Y sin embargo el PP obtuvo ochocientos mil votos en las generales. Y sin embargo surgen iniciativas desde la izquierda como el Manifiesto por la Tolerancia de Boadella, Espada, Nart, Tubau y otros, que este medio reproduce. Afirmar que “la condición de ciudadano no la otorga una determinada identidad cultural y lingüística” o que “son representantes de los ciudadanos de Cataluña tanto los pertenecientes a partidos políticos de ámbito catalán como estatal” resulta de una vana obviedad en toda España menos en el País Vasco y Cataluña, donde aún estamos luchando por lo obvio. Y que no me vengan con la inconveniencia de comparar los dos territorios. En primer lugar, comparo lo que me da la gana; en segundo lugar, ¿desde cuándo la renuncia del adversario al terrorismo —caso catalán— blinda sus fundamentos ideológicos? La mayoría de nosotros no tenemos que renunciar al terrorismo porque nunca lo hemos practicado.

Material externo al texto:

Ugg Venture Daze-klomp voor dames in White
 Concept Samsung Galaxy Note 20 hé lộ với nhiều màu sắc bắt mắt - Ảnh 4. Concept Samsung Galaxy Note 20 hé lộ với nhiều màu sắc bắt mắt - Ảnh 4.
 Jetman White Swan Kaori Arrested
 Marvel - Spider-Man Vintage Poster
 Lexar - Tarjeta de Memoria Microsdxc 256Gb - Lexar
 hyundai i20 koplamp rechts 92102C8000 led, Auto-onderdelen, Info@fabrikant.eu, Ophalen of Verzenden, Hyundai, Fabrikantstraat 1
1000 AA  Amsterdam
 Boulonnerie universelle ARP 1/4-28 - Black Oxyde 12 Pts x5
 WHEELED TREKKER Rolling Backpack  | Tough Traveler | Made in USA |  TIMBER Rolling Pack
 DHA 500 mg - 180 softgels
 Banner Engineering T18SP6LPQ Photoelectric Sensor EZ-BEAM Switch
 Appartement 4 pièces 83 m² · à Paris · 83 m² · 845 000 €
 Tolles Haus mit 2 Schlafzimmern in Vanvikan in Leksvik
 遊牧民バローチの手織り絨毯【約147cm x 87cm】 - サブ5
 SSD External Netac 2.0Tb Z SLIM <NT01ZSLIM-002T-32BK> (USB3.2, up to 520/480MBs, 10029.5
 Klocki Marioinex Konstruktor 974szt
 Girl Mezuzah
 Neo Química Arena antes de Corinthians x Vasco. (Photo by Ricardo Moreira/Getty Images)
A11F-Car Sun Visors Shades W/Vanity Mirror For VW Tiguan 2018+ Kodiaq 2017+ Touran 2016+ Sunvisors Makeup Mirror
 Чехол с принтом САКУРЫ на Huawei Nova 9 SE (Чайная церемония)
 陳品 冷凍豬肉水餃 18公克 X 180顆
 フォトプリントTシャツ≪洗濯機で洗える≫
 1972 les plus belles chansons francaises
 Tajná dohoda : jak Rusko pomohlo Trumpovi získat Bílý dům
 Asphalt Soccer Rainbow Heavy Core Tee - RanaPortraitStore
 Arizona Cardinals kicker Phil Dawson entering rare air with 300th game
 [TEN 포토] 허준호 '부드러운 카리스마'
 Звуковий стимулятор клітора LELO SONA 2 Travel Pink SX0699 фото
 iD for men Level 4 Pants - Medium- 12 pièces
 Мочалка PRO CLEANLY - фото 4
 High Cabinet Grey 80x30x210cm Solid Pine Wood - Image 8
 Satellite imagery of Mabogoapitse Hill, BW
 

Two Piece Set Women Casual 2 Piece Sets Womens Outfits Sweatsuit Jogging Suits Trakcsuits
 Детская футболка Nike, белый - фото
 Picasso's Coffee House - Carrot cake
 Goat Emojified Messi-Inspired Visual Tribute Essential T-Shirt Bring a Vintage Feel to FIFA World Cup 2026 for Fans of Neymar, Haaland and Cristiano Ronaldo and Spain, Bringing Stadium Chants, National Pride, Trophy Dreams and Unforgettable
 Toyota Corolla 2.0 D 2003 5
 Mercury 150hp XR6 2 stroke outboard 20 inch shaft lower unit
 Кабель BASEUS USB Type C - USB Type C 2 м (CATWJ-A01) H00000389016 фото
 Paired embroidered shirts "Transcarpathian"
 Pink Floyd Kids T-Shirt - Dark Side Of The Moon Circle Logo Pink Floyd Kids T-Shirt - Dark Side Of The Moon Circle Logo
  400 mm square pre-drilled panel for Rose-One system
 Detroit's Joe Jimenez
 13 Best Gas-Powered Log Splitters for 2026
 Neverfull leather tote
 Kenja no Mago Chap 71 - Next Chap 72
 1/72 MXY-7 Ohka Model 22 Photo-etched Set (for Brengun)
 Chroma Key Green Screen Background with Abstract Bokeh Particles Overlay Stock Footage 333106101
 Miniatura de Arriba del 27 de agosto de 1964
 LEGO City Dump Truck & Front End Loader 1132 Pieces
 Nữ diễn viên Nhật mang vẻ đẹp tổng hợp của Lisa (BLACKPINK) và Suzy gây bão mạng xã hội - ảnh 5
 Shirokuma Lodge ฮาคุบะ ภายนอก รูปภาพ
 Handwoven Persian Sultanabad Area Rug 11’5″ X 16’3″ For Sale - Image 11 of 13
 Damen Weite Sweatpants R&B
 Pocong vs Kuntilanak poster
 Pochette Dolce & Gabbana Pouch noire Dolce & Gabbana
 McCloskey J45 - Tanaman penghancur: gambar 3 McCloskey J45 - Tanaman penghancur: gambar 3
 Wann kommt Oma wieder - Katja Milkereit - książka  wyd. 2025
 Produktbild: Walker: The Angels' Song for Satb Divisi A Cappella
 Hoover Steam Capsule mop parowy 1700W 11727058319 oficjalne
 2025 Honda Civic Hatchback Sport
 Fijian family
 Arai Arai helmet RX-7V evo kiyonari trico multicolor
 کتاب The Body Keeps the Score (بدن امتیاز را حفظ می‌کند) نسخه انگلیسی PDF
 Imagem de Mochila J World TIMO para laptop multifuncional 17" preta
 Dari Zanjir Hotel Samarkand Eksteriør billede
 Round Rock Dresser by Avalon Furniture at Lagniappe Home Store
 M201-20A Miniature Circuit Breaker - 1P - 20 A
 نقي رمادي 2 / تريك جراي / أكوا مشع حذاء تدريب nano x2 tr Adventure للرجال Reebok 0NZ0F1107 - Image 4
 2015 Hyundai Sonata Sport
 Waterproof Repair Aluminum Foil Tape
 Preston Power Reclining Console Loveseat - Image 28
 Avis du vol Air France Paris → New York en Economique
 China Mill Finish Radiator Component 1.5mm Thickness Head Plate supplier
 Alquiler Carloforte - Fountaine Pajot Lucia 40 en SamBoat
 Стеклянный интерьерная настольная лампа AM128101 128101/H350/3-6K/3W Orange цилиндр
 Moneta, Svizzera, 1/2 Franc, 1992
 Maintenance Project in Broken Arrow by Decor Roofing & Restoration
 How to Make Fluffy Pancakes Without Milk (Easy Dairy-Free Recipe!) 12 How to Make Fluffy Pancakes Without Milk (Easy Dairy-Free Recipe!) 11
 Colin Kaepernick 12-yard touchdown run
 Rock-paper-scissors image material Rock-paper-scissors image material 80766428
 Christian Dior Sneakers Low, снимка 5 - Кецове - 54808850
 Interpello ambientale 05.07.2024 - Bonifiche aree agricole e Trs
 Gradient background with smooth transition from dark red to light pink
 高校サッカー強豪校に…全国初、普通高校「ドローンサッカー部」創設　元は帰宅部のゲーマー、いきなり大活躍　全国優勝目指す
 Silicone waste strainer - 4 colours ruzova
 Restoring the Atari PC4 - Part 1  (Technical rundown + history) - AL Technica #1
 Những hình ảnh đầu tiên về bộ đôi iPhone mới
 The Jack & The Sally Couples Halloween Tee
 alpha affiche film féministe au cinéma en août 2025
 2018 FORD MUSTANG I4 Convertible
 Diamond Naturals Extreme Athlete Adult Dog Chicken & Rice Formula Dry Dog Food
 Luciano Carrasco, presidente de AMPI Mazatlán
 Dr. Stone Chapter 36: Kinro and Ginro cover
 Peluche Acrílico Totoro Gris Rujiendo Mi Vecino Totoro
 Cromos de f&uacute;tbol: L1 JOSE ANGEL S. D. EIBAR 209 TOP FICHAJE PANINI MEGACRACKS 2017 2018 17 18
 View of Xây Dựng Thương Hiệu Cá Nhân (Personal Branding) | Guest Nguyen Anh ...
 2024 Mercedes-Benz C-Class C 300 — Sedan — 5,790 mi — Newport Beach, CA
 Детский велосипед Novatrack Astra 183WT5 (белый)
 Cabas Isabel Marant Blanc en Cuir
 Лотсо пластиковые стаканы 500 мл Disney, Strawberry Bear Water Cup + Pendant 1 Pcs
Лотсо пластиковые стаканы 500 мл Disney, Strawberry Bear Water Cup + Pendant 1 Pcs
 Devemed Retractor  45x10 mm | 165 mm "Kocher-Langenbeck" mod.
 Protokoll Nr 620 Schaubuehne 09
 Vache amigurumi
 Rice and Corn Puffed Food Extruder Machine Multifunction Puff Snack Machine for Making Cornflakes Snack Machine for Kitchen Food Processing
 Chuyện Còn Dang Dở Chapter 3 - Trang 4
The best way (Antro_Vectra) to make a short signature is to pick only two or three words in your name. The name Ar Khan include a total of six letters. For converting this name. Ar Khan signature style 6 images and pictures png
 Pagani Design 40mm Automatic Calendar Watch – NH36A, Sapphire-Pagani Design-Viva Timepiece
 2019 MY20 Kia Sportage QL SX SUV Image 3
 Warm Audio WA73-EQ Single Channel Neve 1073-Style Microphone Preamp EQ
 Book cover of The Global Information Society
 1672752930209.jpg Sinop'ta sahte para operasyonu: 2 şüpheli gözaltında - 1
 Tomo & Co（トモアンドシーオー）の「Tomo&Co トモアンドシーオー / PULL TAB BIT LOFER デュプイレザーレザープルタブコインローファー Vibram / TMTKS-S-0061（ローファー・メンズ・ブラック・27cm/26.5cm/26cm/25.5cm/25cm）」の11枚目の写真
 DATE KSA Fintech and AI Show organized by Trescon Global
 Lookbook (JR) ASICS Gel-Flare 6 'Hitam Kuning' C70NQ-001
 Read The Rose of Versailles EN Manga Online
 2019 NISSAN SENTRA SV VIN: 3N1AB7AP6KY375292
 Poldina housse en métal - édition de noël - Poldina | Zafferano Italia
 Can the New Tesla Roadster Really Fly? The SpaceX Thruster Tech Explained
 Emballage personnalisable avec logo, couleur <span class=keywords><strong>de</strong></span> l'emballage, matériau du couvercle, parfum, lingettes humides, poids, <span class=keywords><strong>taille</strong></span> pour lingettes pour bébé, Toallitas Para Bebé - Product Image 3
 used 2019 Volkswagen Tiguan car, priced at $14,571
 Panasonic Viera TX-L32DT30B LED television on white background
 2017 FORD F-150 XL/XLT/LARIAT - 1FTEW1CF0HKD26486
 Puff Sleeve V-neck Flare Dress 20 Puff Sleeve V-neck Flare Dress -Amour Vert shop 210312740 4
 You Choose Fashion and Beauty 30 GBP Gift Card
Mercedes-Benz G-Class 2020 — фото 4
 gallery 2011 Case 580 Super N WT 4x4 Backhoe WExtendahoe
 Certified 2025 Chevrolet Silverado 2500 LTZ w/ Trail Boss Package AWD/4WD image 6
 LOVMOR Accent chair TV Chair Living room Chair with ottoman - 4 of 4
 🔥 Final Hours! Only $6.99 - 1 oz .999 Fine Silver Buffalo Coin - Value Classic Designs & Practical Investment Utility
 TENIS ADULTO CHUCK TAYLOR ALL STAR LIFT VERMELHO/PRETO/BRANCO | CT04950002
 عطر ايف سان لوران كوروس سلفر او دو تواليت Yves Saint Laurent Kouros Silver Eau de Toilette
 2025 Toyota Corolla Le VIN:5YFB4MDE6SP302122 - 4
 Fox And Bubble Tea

Sería aberrante concluir que ello nos pone en desventaja, por ejemplo, ante el partido que acogió a Terra Lliure. Por otra parte, no sólo las juventudes de ERC sino en muchas ocasiones las de Convergència, llevan la presión personal y el insulto hasta extremos intolerables. Los onces de septiembre son auténticas exhibiciones de amenaza e intimidación del discrepante.
 
Otros se lían la manta a la cabeza preferentemente cuando llegan elecciones, y colocan a centenares de miles de conciudadanos la etiqueta de “anticatalanes”. Así lo hace otro manifiesto, que firman Joan Manuel Serrat, Lluís Llach y adláteres. Una nueva demostración de la facilidad con que los grandes artistas se pueden deslizar por el tobogán de la abyección. Me repugnan las batallitas, pero no puedo evitar recordar el esfuerzo que me costó en el año 1976 que Llach hiciera una casi imperceptible referencia en un concierto a la presencia de una columna de la prohibida Marxa de la Llibertat, donde un puñado de adolescentes nos jugábamos el tipo a cambio de nada por la autonomía de Cataluña. ¡Qué suerte tienen Serrat y Llach, y tantos otros, a quienes siempre les ha resultado rentable la rebeldía!
 
Debo de ser un ingenuo o un imbécil, porque, contra todo pronóstico, sigo manteniendo la esperanza de que a nuestros no solicitados guías ideológicos, y a todos los que se consideran autorizados para expedir certificados de catalanidad, se les atraganten los resultados electorales. O al menos sus consecuencias.